U.S. Women’s Soccer Team Worse Than Kaepernick

Riddle me this:

What's worse than Jane Fonda?

Answer?

A whole team of Jane Fondas.

In 1919, the Supreme Court ruled unanimously, in Schenck v. United States, that "shouting 'Fire!' in a crowded theater" was not "protected speech" under the First Amendment.

This was followed, 23 years later, by another decision, in Chaplinsky v. New Hampshire, which ruled that "fighting words" were not protected speech under the First Amendment either.

(The Schenck decision was overturned by the high court in Brandenburg v. Ohio in 1969 — but the Chaplinsky decision remains intact).

While no one is expecting anyone who disrespects the national anthem or the American flag to be actually sent to prison for doing so, it is nonetheless a viable rationale for large segments of the public to express harsh disapproval of such acts (as Jason Aldean did in Try That in a Small Town) — just like anti-gay activists claimed that the fact that laws banning "consensual sodomy" were still on the books in many states until the Supreme Court declared such laws unconstitutional in its ruling in the Lawrence v. Texas case in 2003 were an excuse for stigmatizing gays and lesbians, or even those stereotypically thought to be such (they were said to be "unapprehended felons").

In 2016, then-49ers quarterback Colin Kaepernick led a movement that encouraged NFL players to desecrate the national anthem, ultimately costing him his career due to the massive backlash that caused both the league's attendance and TV ratings to tank, with whites over 65 and having annual incomes of more than $200,000 leading the way.

But at least Kaepernick was representing not only just one NFL team, but the one that happens to be located in the most leftist market that has an NFL team.

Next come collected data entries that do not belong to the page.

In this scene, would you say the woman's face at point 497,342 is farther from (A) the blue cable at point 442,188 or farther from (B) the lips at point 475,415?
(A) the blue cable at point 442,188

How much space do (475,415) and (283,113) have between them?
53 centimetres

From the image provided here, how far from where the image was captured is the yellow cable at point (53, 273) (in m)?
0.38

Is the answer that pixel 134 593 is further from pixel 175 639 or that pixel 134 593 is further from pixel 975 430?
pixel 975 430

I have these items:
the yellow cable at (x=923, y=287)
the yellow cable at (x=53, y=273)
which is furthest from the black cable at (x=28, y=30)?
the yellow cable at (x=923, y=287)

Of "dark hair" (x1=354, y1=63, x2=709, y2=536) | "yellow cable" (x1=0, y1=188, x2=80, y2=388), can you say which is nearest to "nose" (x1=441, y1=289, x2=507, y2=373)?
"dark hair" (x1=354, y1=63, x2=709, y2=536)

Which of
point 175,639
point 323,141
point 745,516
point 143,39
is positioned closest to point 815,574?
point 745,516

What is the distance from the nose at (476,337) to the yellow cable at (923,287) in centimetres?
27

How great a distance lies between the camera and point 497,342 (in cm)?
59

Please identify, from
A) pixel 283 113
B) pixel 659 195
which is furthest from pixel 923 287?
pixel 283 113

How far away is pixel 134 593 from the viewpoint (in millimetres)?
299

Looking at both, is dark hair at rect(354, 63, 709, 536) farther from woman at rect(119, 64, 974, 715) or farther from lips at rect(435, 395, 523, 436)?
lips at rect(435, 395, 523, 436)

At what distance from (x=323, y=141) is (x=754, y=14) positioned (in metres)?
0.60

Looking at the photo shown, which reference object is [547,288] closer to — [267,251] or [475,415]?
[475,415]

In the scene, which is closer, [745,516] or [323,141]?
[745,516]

Which brings us to the United States women's soccer team — which has not only taken to blaspheming the national anthem, but also to wear t-shirts emblazoned with the logo of Black Lives Matter, a group that scores of millions of Americans find to be flat-out subversive — causing hosts of patriotic Americans to outrightly root against America's team (of course many NFL fans actually do that already — but that is a suitable topic for a different column!).

So, at least arguably, even though the soccer players simply refused to sing the anthem rather than kneeling during it as Kaepernick, et al did, their breach of patriotism is more egregious.

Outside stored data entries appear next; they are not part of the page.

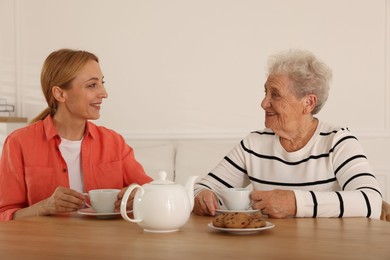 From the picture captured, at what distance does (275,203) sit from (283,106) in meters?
0.63

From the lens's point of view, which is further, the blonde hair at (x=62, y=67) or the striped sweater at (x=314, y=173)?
the blonde hair at (x=62, y=67)

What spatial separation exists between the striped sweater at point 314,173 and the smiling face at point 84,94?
645mm

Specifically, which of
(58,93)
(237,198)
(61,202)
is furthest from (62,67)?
(237,198)

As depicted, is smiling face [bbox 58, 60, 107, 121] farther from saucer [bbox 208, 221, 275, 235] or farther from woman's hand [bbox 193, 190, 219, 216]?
saucer [bbox 208, 221, 275, 235]

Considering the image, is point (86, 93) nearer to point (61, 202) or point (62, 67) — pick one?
point (62, 67)

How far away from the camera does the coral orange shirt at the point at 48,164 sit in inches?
91.0

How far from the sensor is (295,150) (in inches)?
87.7

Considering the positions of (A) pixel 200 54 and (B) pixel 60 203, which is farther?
(A) pixel 200 54

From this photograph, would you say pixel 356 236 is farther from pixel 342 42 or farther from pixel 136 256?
pixel 342 42

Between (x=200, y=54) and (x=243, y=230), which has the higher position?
(x=200, y=54)

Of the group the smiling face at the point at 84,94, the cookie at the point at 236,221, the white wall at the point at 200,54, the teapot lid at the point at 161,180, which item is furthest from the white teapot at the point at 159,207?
the white wall at the point at 200,54

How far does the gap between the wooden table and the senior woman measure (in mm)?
347

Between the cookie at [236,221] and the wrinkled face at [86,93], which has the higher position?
the wrinkled face at [86,93]

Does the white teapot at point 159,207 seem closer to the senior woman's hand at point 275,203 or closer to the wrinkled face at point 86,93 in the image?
the senior woman's hand at point 275,203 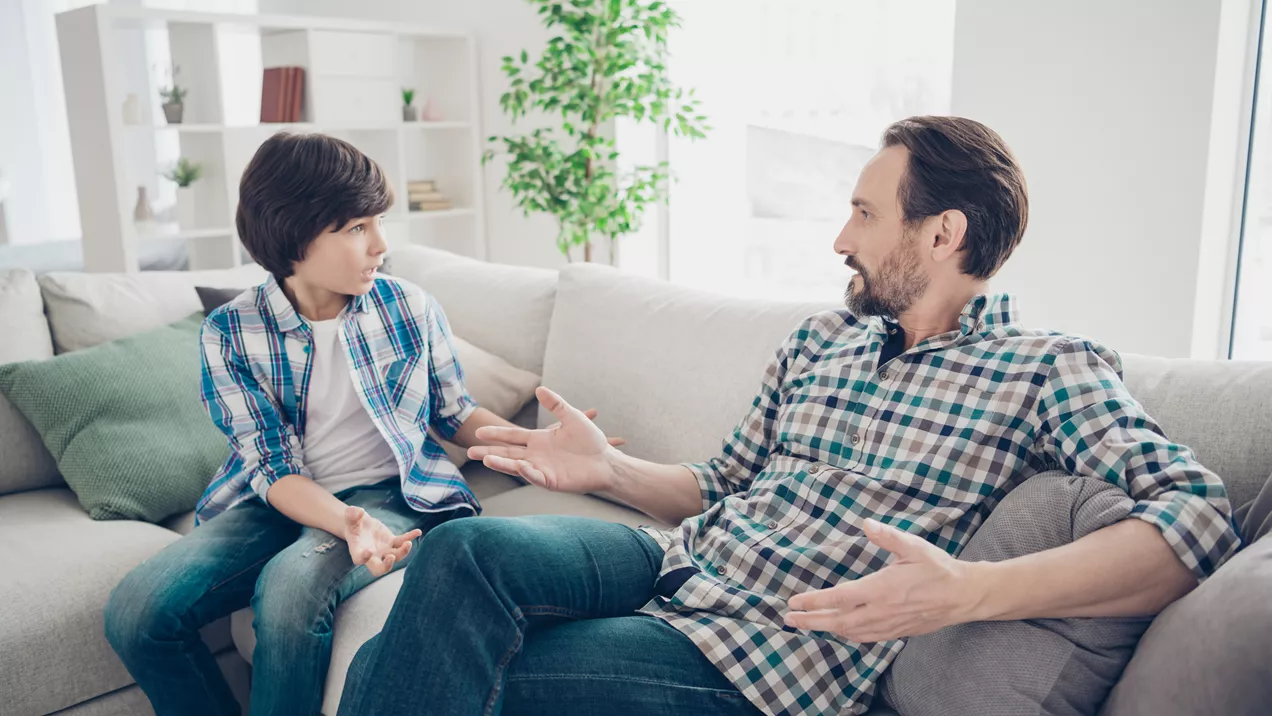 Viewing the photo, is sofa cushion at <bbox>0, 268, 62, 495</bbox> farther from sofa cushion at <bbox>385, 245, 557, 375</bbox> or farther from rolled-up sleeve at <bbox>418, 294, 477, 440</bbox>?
rolled-up sleeve at <bbox>418, 294, 477, 440</bbox>

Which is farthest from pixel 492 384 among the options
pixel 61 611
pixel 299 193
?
pixel 61 611

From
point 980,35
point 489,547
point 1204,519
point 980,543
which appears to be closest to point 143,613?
point 489,547

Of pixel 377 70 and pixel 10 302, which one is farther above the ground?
pixel 377 70

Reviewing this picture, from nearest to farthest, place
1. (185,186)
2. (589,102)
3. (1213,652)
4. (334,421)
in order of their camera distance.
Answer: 1. (1213,652)
2. (334,421)
3. (589,102)
4. (185,186)

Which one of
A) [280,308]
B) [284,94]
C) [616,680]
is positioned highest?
[284,94]

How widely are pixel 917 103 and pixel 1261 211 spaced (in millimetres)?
1193

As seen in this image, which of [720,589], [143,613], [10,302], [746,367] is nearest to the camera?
[720,589]

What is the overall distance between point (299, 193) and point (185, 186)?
2488mm

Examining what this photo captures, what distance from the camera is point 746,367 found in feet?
5.87

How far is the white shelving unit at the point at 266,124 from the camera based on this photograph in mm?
3434

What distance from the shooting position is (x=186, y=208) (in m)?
3.82

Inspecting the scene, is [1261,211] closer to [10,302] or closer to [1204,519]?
[1204,519]

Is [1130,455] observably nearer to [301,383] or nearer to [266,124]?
[301,383]

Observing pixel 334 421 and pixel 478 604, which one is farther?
pixel 334 421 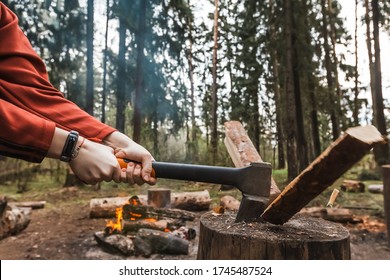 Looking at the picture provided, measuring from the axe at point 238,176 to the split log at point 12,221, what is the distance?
3866 millimetres

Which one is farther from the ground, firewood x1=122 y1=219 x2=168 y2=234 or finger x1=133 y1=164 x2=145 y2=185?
finger x1=133 y1=164 x2=145 y2=185

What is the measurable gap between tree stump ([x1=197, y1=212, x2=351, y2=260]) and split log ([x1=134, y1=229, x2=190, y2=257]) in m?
2.12

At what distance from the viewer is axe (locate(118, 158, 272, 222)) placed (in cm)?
155

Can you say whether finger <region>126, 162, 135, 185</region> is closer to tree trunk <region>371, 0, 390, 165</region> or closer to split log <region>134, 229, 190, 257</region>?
split log <region>134, 229, 190, 257</region>

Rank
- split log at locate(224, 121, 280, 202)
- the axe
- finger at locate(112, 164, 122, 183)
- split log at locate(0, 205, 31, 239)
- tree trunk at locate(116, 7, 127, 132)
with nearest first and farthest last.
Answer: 1. finger at locate(112, 164, 122, 183)
2. the axe
3. split log at locate(224, 121, 280, 202)
4. split log at locate(0, 205, 31, 239)
5. tree trunk at locate(116, 7, 127, 132)

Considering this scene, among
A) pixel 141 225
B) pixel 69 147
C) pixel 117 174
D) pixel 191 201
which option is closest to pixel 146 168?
pixel 117 174

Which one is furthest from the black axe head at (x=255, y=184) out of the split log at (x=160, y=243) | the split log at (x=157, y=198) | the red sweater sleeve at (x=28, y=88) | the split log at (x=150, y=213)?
the split log at (x=157, y=198)

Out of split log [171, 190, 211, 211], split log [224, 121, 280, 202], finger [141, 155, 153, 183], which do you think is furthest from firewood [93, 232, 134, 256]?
finger [141, 155, 153, 183]

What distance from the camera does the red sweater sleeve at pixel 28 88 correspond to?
138cm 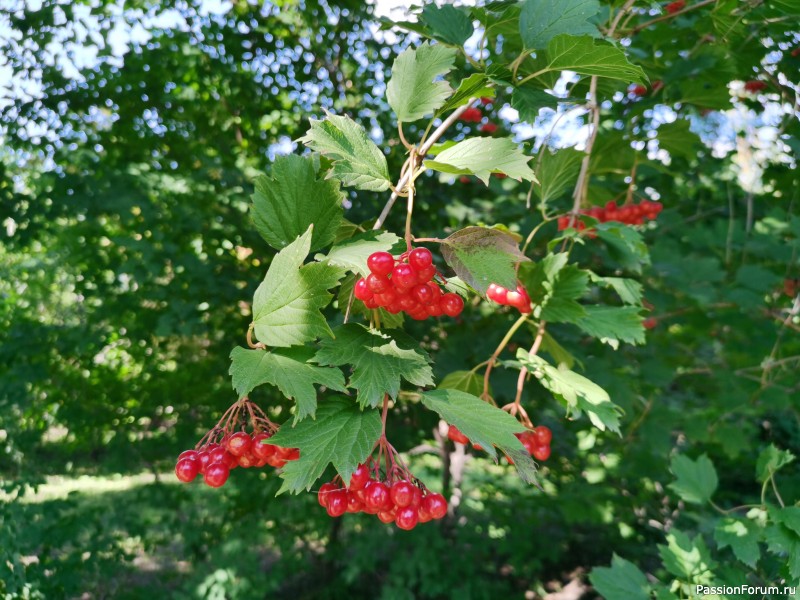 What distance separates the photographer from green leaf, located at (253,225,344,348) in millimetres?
969

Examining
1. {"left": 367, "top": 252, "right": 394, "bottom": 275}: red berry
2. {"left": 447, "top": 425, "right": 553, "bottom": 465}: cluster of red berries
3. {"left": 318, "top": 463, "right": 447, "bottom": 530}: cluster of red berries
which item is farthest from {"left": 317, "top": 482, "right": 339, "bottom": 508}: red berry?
{"left": 367, "top": 252, "right": 394, "bottom": 275}: red berry

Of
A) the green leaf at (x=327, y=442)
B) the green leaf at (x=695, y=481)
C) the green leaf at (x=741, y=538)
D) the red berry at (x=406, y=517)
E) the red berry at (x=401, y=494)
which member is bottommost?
the green leaf at (x=695, y=481)

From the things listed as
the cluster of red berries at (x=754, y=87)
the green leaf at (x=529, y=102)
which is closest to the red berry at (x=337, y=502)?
the green leaf at (x=529, y=102)

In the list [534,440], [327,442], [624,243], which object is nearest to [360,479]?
[327,442]

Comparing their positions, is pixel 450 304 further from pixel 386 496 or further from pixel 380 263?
pixel 386 496

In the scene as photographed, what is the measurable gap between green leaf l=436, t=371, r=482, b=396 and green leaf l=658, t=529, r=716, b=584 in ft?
2.93

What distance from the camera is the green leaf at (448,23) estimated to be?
1308mm

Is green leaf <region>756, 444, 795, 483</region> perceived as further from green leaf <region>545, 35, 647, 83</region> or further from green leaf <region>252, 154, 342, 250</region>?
green leaf <region>252, 154, 342, 250</region>

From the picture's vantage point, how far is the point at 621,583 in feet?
6.45

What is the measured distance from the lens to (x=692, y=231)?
3.31m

Founded in the wake of the death of George Floyd — who, to paraphrase Chief O'Hara of Batman fame, had a criminal record that was longer than both of Yao Ming's arms and both of his legs stacked end-to-end — BLM, which started out as a group advocating more than radical enough positions like defunding the police and releasing murderers, rapists and carjackers on their own recognizance pending trial, has since branched out into expressing open hostility toward such things as religion in general (and Christianity in particular) and free enterprise.

As BLM co-founder Patrice Cullors said: "We are trained Marxists. We are super-versed on, sort of, ideological theories (like dialectical materialism?)." The group takes positions many Americans would find very controversial, like its view of the traditional family, saying: "We disrupt the Western-prescribed nuclear family structure requirement by supporting each other as extended families and 'villages'."

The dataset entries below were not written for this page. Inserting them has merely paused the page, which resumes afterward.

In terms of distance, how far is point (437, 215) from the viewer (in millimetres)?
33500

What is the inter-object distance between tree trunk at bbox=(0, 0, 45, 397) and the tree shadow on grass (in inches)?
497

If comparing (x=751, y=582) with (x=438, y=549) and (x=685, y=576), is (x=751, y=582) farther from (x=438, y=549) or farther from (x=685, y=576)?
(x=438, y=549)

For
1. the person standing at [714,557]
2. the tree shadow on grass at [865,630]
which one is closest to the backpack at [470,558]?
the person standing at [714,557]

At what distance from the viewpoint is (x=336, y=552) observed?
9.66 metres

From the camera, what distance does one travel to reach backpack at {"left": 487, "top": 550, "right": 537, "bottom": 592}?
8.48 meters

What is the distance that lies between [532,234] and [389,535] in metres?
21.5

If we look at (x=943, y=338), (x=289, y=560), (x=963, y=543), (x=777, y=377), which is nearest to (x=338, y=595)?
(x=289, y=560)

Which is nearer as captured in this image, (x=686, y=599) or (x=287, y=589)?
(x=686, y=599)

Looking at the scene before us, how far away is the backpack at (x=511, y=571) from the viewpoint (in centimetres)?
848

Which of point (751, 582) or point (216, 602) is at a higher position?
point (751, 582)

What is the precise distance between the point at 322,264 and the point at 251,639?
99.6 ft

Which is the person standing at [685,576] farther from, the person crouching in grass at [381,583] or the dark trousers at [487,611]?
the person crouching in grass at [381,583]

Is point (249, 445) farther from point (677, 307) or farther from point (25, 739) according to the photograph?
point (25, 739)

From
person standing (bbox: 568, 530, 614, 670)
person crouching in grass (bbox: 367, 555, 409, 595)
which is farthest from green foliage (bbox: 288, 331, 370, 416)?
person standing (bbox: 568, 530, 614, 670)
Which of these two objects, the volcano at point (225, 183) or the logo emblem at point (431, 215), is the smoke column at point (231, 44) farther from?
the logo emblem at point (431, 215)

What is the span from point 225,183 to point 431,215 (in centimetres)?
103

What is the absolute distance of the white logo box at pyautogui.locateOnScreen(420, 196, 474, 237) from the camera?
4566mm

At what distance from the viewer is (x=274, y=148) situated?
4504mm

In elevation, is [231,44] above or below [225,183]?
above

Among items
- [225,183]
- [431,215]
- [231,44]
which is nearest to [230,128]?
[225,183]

In other words, Black Lives Matter is just plain anti-American. And it must be pointed out that conservatives were out of power for 20 years in a row — from 1932 until 1952 — yet not once did they ever besmirch our flag or our national anthem like a bunch of sore losers; indeed, immediately after the attack on Pearl Harbor, Sen. Arthur Vandenberg (R-Michigan) famously declared that "Politics stops at the water's edge" — in stark contrast to the far left, which burned and spat on the American flag while defiantly waving the Viet Cong flag and chanting "Ho Ho Ho Chi Minh, NLF is gonna win" during the Vietnam War.

There are plenty of groups that Megan Rapinoe & Co. can gravitate toward — such as the NAACP, and even the Rev. Al Sharpton's National Action Network.

But the communist BLM is a bridge too far.

The last thing we need is for our own athletes to be pouring gasoline on the five-alarm fire that goes by the phrase "culture war."

So this observer wholeheartedly joins those who hope that these seditionists end up sniffing a bicycle seat in the tournament, as was said in an episode of Hill Street Blues.